Teacher training is to be changed to ensure all those studying for a career in the classroom are better informed about autism.
The proposal forms part of an action plan described by campaigners as “life-changing” for both pupils and teachers.
The plan, produced by the Scottish Government, the General Teaching Council for Scotland, Education Scotland and the Scottish Council of Deans of Education, bids to improve autism awareness and training within schools and other educational settings.
It also contains a pledge for there to be a “common baseline of content on autism” in all initial teacher education.
Local councils, professional bodies for teachers, autism organisations and others will work to share best practice.
Efforts will also be made to develop practical examples and strategies on how to support autistic children in the classroom.
The organisations involved say the plan will mean Scotland has the “most comprehensive set of measures anywhere in the UK to ensure all teachers have access to the most up to date information on how to support autistic learners”.

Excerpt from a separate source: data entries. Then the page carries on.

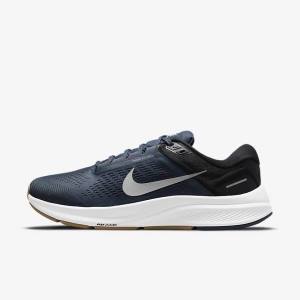 Nike Air Zoom Structure 24 Weg Hardloopschoenen Heren Blauw Zwart Donkerobsidian Grijs | NK568UEP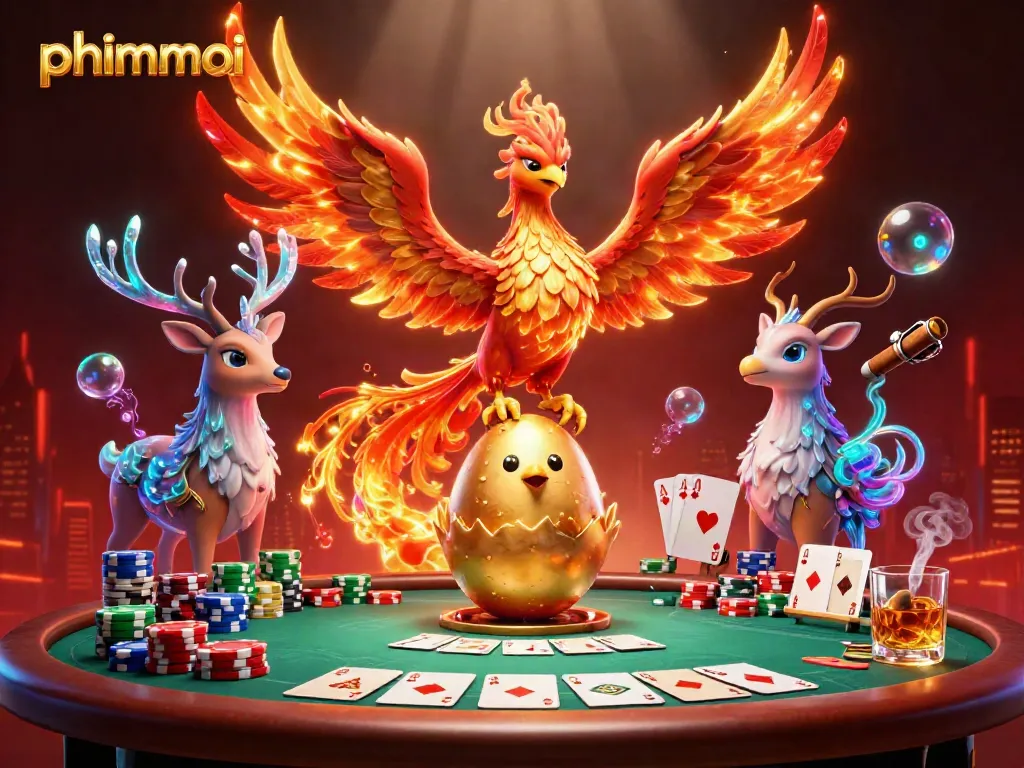 Engage with phimmoi's vibrant casino scene featuring a phoenix and poker elements for thrilling play.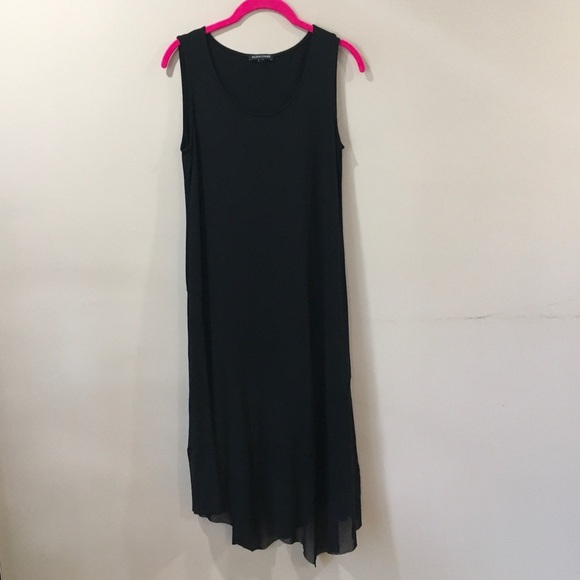 EILEEN FISHER Womens Xs Asymmetric Midi Dress Sleeveless Black Jersey Crewneck - Picture 1 of 7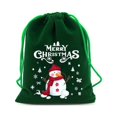 thumbnail image 1 of Bolsas de terciopelo de Feliz Navidad, bolsas de embalaje de joyería de Boutique con cordón verde, bolsas de regalo de dulces, Favor, 9x12, 13x18cm, 4 piezas por lote, 1 of 4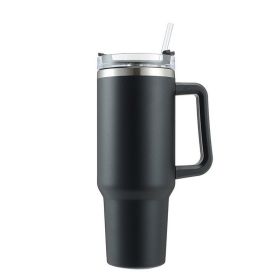 40oz Stainless Steel Handle Bottle Car Cup Double-layer Vacuum Iced Beer Cup Outdoor Portable Travel Insulation Cup (Color: Black, size: 40oz)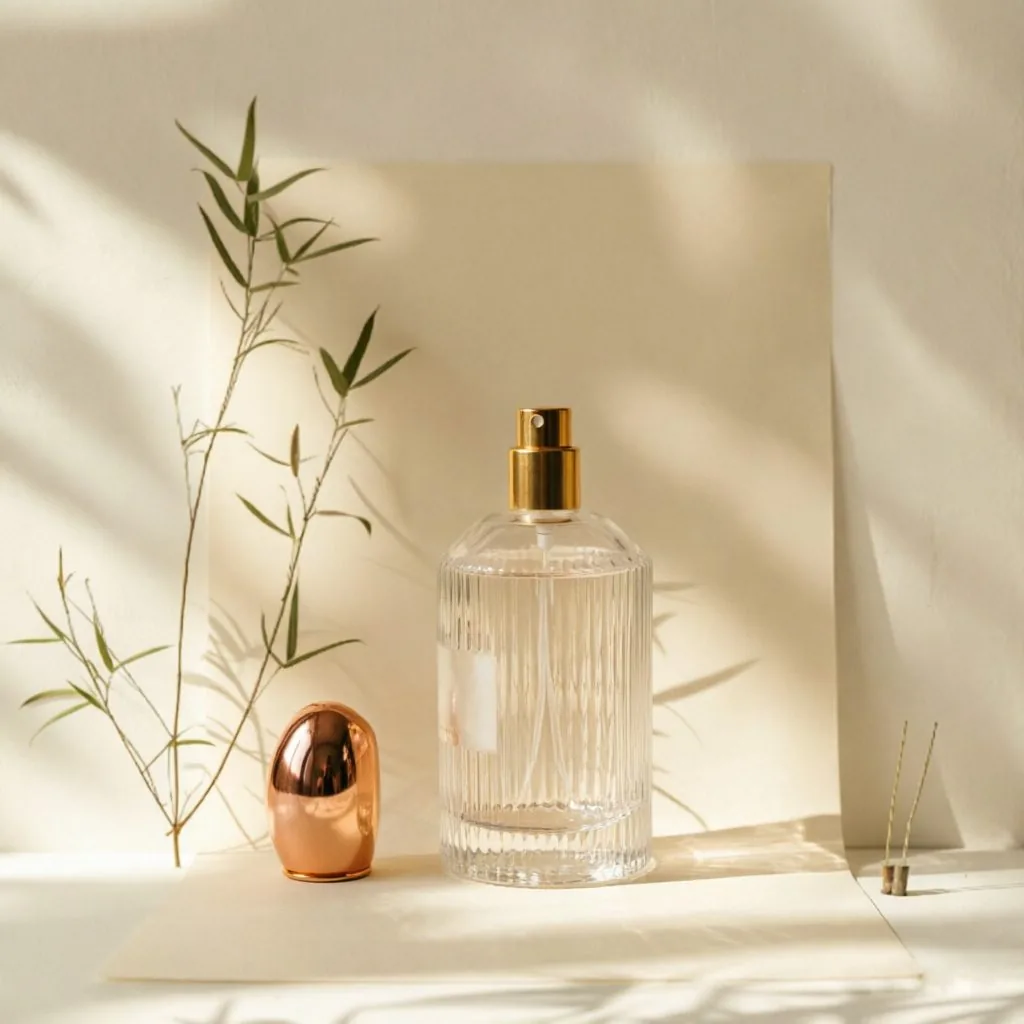 Ribbed Round Glass 향수 병 포함 Gold Spray Pump 100ml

It comes after research in 2018 by Children in Scotland, the National Autistic Society Scotland and Scottish Autism found 34% of parents of autistic youngsters said their child had been unlawfully excluded from school in the last two years.
A lack of knowledge on how to best support and include autistic children in education was cited as the primary reason for these exclusions.
Nick Ward, director of National Autistic Society Scotland, said: “This package of changes will be life-changing for pupils and new teachers alike.
“It is the most comprehensive approach to ensuring high quality autistic education for new teachers in the UK and will ensure that hundreds of autistic children will have a better school experience.
“We must now ensure that all teachers have the opportunity to undertake the training and that it is informed fully by the experiences of autistic children and their parents.”
Education Secretary John Swinney said: “Through this collaborative working we will ensure that our autistic learners have the right support in place at the right time to improve their educational experiences.”
Sally Cavers, head of inclusion at Children in Scotland, said the changes are “significant”.
Charlene Tait, deputy chief executive at Scottish Autism, said: “As an organisation that has been calling for greater support and resources for those teaching autistic children, we warmly welcome this commitment from the Scottish Government.
“We know that hundreds of autistic children are not receiving an education that meets their needs, which is detrimental to both their education and their overall well-being.
“It is therefore essential that teachers are able to build an understanding during their initial teacher training of how autistic children think and learn.
“This training and knowledge has the potential to make significant improvements in the educational experiences of autistic children, however there is still much to be done.”